――――――…声がする。愛しい声が。

「…くん、ナジュ君、起きて。ここは駄目だよ」

「…」

「すぐに逃げて、お願い。禁忌に触れる前に…」

…この声は。

僕の…一番大事な人の声。

彼女の言葉を聞き返そうとしたが、しかし、現実世界から僕を呼ぶ、別の声に揺り起こされた。

「ナジュせんせー。起きて。死んでるの?」

「…死にませんよ、僕は…」

「あ、起きた」

目を覚ますと、そこにはリリスではなく、天音さんでもなく。

すぐりさんの姿が、そこにあった。

…あれー…?

「…何ですぐりさんなんですか?」

「さー?知らない。何でナジュせんせーなの?」

「さぁ…知りません」

冥界で起きる事象に、いちいち理由を尋ねる方が間違ってますね。

…とはいえ、これは誤算だった。

僕、天音さんと一緒に冥界を旅する予定で、一緒に来たはずなのに。

『門』を潜るなり、僕は天音さんと引き離された。

僕は最悪、冥界でどんな目に遭っても死なないから、一人でも大丈夫だけど。

天音さんが一人、単独行動になるのは不味いな、と思った。

「まさか、すぐりさんと同じ場所に飛ばされてるとは…」

運命の悪戯って奴ですかね。これが。

まぁ、一人じゃなかったことを喜ぼう。

その時僕は、すぐりさんの横に居るべき人間がいないことに気づいた。

「…すぐりさん、あなた、令月さんは?」

「分かんないねー。
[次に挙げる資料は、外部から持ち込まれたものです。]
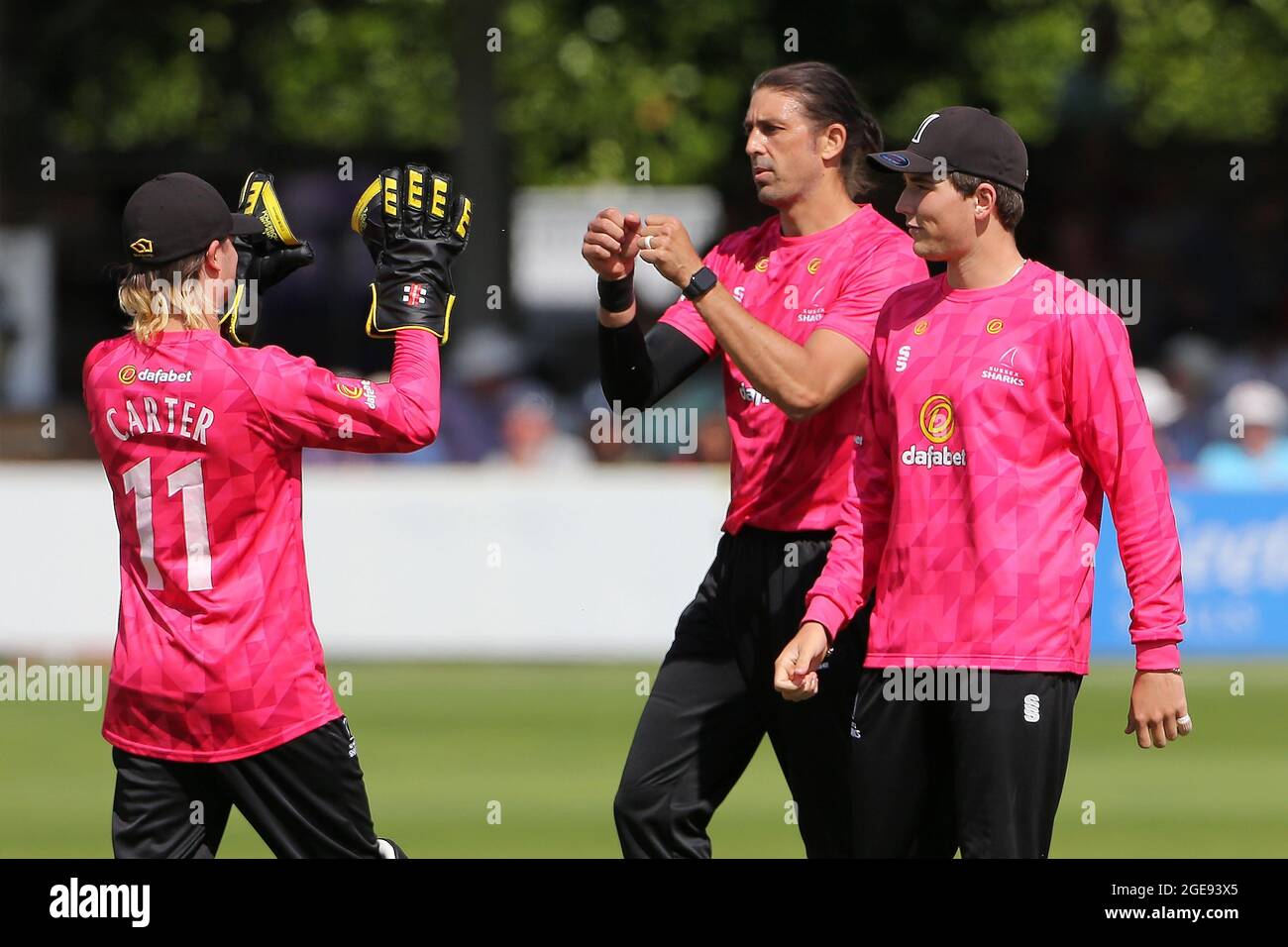 David Wiese von Sussex feiert mit seinen Teamkollegen, nachdem er das Wicket von Sir Alastair Cook während Essex Eagles vs Sussex Sharks, Royal London O, genommen hat Stockfoto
ここに来た時にはぐれて、行方不明」

成程。

僕が天音さんと引き離されたように、すぐりさんも令月さんとはぐれたんですね。

事前に決めたペア分け、もうぐっちゃぐちゃじゃないですか。

「近くにいるんでしょうかね?天音さんも、令月さんも…」

「さぁ…。人間の気配は全く感じないね。ナジュせんせーだけでも、見つけられて良かったよ」

「そうですね」

僕も、せめてすぐりさんと合流出来て良かったですよ。

「提案なんですが、お互い相棒が見つかるまで、行動を共にしませんか?」

「ナジュせんせーと組めってこと?」

「嫌なら、無理強いはしませんけど」

事前に決めたペア分けが崩壊した以上、現地で、臨機応変に動くしかないだろう。

「いーよ。ナジュせんせーと組んであげる」

それはどうも。

「じゃあ、しばらく宜しくお願いします」

「うん、よろしくー」

天音さんのことは心配だけど。

代わりに、気心の知れたすぐりさんと行動を共に出来るのだから、まだマシだったと思おう。